Quiet Queen

Zehra Hamdani Mirza explains how Meher Afroz and her art practice have enriched Pakistan

Quiet Queen
So different was the world MeherAfroz left in 1971 that it was as though a marine creature had washed up on Karachi’s shore. Away from Lucknow’s tehzeeb and spittoons, in a dusty Karachi without an art school, she is far, far from home. And how lucky are we.

Unlike the exhibitionism of some artists of today, Meher has been toiling quietly in her studio, experimenting and building on transactions that she began with us four decades ago. Over the years, her paintings have moved to figureless weathered surfaces that prevent easy interpretations.

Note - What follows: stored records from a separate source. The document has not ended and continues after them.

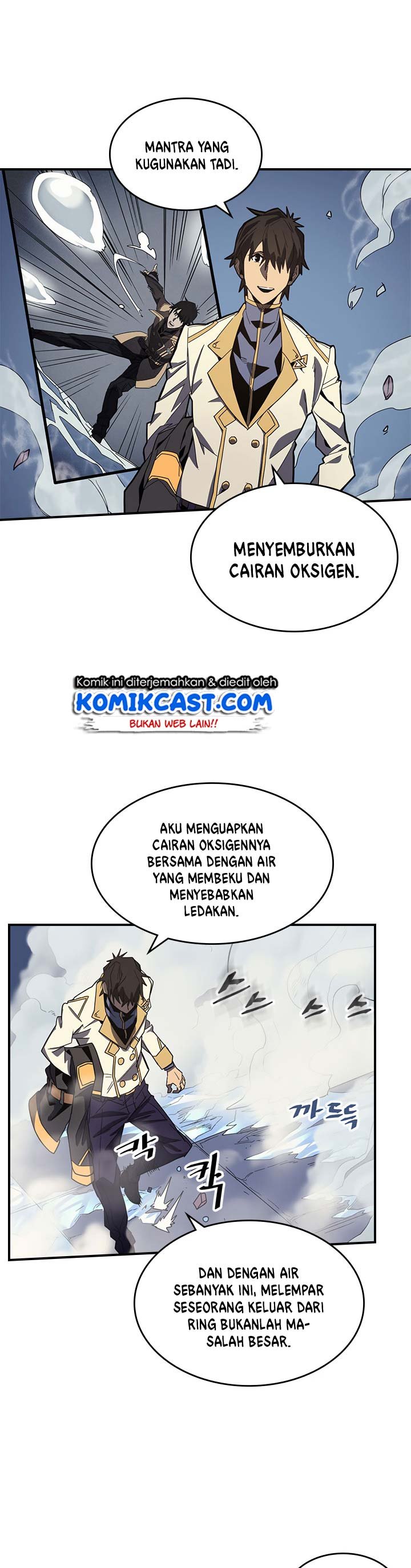 A Returner’s Magic Should Be Special chapter 103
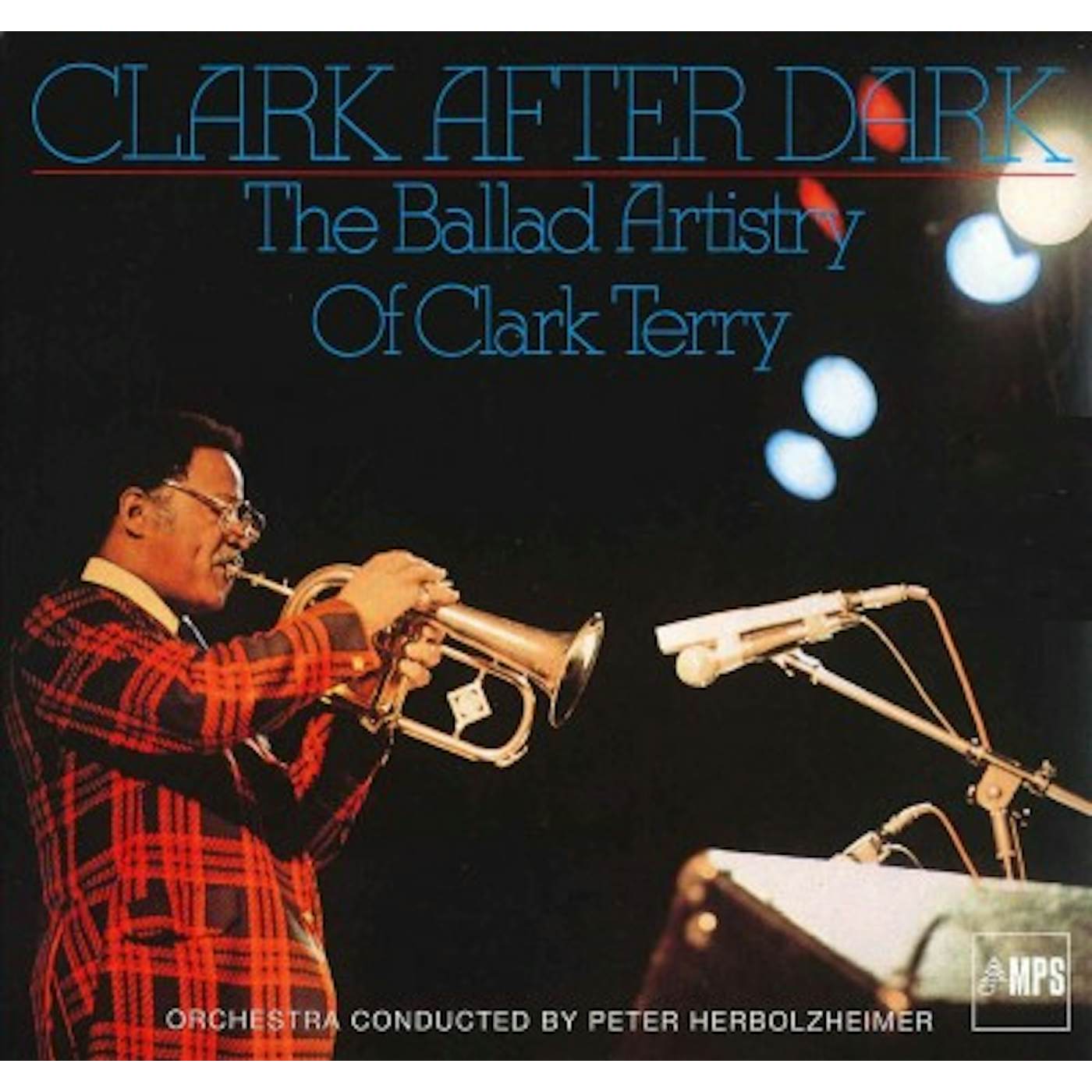 Clark Terry Clark After Dark CD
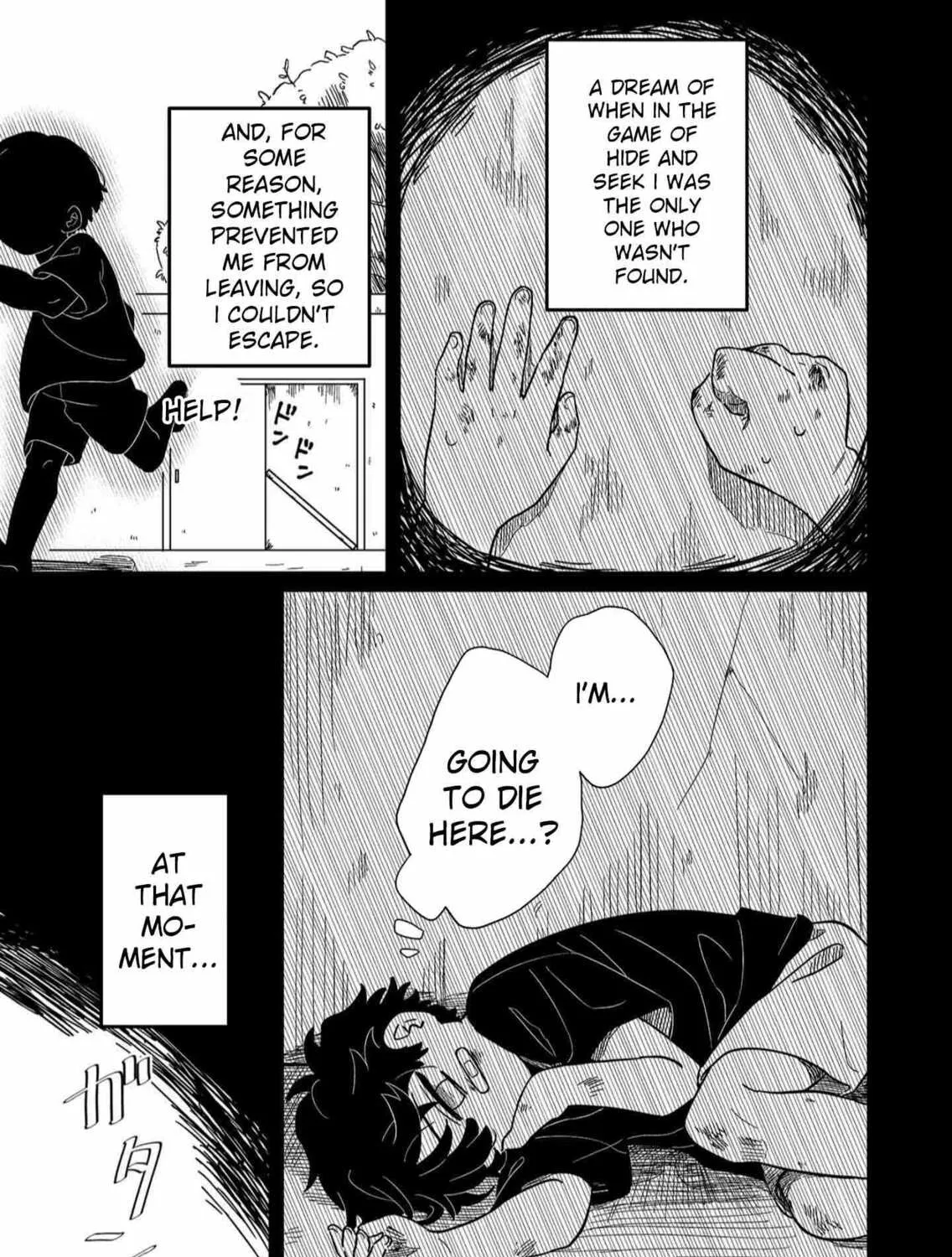 The Shadow Engulfed Her Life Chapter 1 page 67 - 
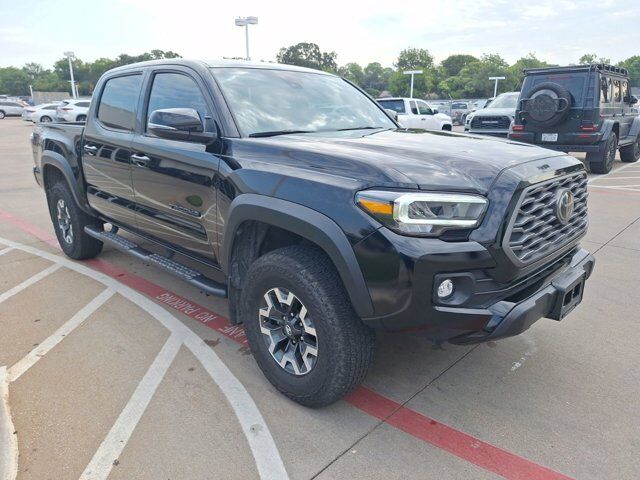 2023 Toyota Tacoma 4WD TRD Off Road Hurst TX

It’s a weathered ribbon that’s coiled through print, canvas, paper and metal. That’s why every show feels like a continuation of another conversation she’s had with us. In “AapBeeti” her current show at Karachi’s Chawkandi art gallery, she’s marked that journey for us – an observer and commentator of our lives and times.



The Quranic symbol “hu” that we saw in “Intimacy”, her Koel gallery group show back in 2013, is here: she repeatedly renders it till its curvy form melds into a cloud of bubbles in graphite. The pops of language from the 2016 show “The 70’s: the Radioactive decade” at the Amin Gulgee gallery: tactile, from another material so they have weight and presence. On paper and canvas, one word floats on an entire surface—Bayniyaz. On another, safar (journey). The words don’t seem didactic or preachy, but more like seeds.

Writer Saquib Hanif, a big fan of the artist, put it best, saying Meher continues “to cast the magic of muted notes.” Even the show itself is not the place where you would find selfies or skinny jeans, but an older, quieter audience. These are Meher’s fans. The show is mostly monochromes, moving into silver and metallic. It is a palette she has mastered. Grids, sliced, half darkness and light. She has stitched them like mended leather, painstakingly joining each square like a shoe maker. Graceful intermittences of text form a dark grid, a manuscript or a map.“I’ve worked really hard on this show”, she says. But then she’s always worked hard. Niilofur Farrukh, in her book Pioneering Perspectives, describes Meher’s mission “to layer, scratch, emboss acrylic pigment, until the surface coalesces with detail, to form (an independent) pictorial language.” On paper there are gentle renderings that travel across the surface like smoke through the air. The metallic works are heavier, linear and muscular. In the gallery space the pieces interact with one another beautifully.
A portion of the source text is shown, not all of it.